### Data shown
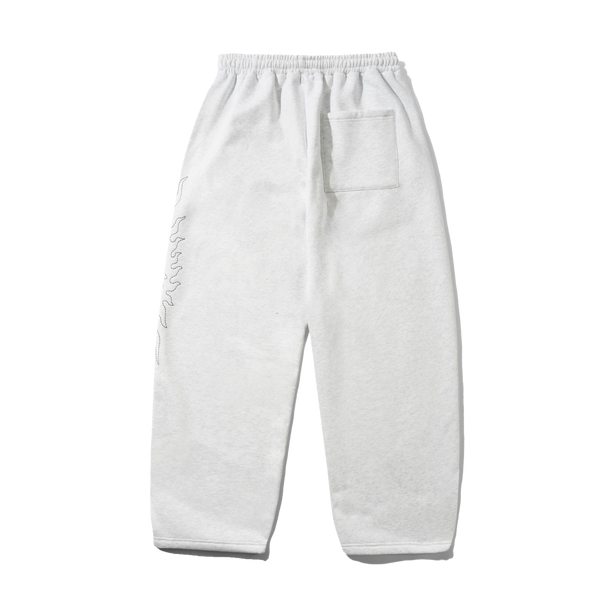 Butter Goods Solar Track Pants, Ash Grey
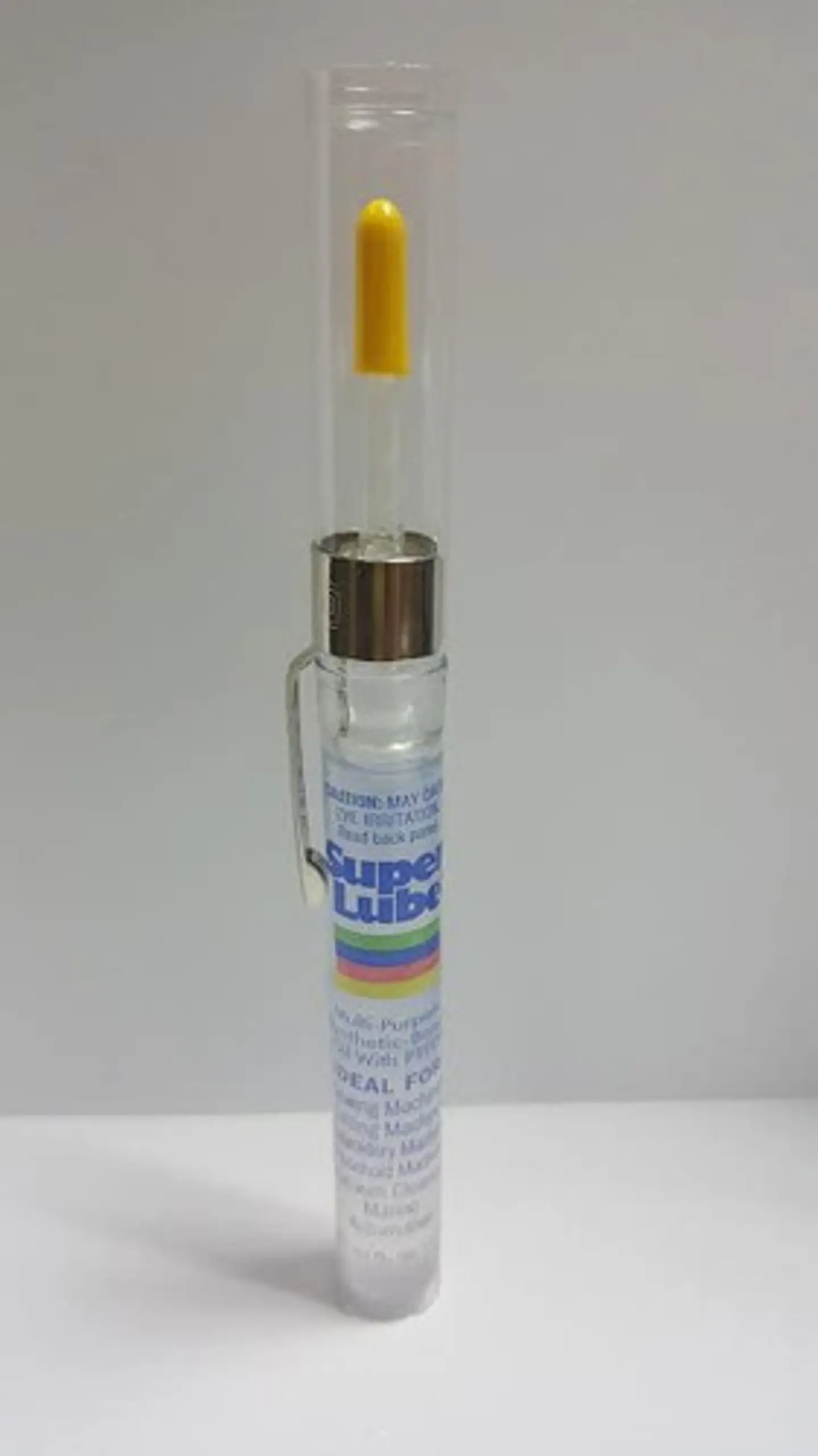 Aceite  Con  Teflon  Para Bordadoras - Lube 1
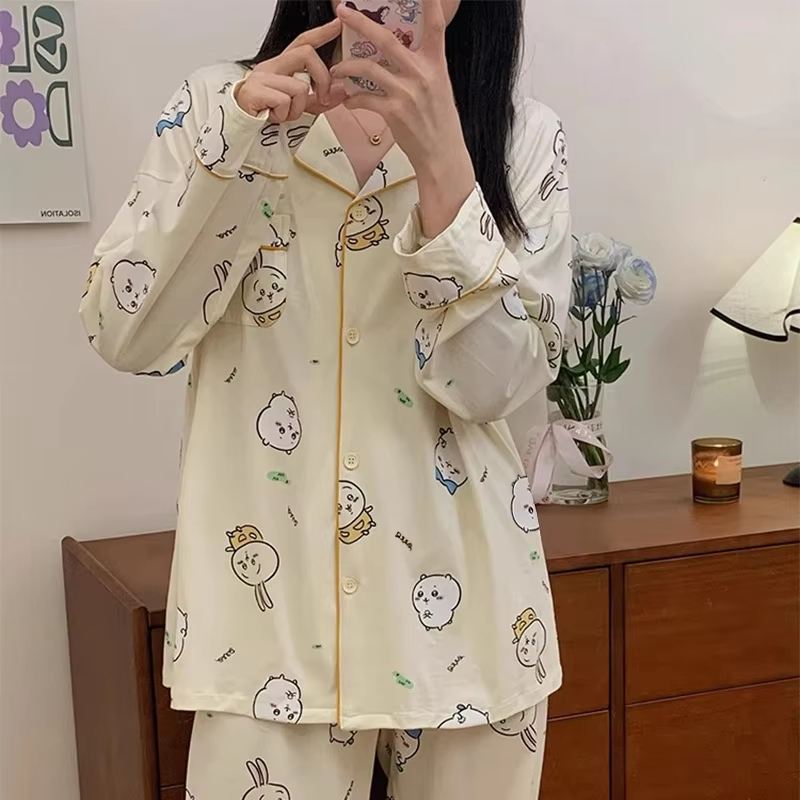 طقم ملابس نوم نسائية كاواي تشي - مراجعة Women'S Fashion Pajamas وسعره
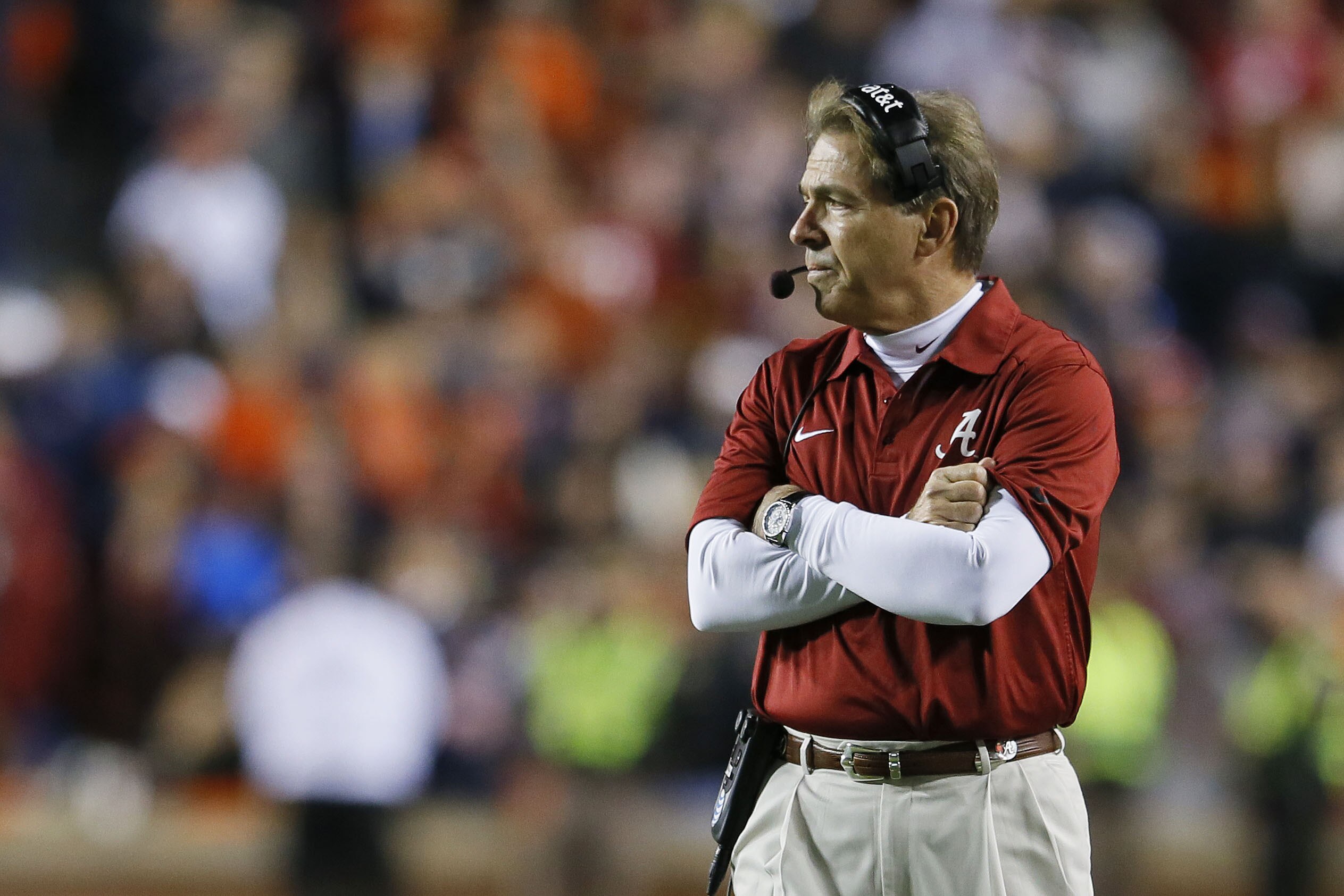 The Play That Changed Nick Saban Bleacher Report Latest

### Work request
Images are not wanted in the copy. Please print the material above exactly.

### Answer section
 Butter Goods Solar Track Pants, Ash Grey
 Aceite  Con  Teflon  Para Bordadoras - Lube 1
 طقم ملابس نوم نسائية كاواي تشي - مراجعة Women'S Fashion Pajamas وسعره
 The Play That Changed Nick Saban Bleacher Report Latest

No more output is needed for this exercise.